= Prompt =
Restate word for word the lines of the entries below, starting with the line that holds "別荘 Lachtalhuette ラッハタール" and ending with the line that holds "cPCI-6216V-GL electronic component", and no others.

= Input material =
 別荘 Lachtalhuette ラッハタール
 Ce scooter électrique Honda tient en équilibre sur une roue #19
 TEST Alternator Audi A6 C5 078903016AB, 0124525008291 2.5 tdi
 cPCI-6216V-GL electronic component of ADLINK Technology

---

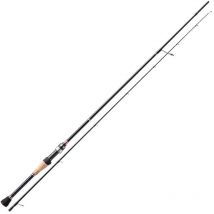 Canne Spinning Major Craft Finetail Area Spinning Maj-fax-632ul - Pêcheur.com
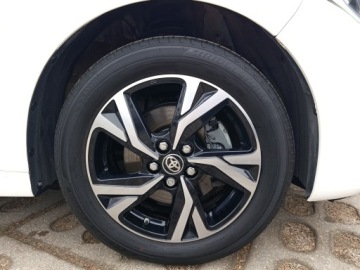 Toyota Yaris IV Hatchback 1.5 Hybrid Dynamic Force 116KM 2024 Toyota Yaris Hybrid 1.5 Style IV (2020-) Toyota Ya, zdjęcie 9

= Written response =
 別荘 Lachtalhuette ラッハタール
 Ce scooter électrique Honda tient en équilibre sur une roue #19
 TEST Alternator Audi A6 C5 078903016AB, 0124525008291 2.5 tdi
 cPCI-6216V-GL electronic component of ADLINK Technology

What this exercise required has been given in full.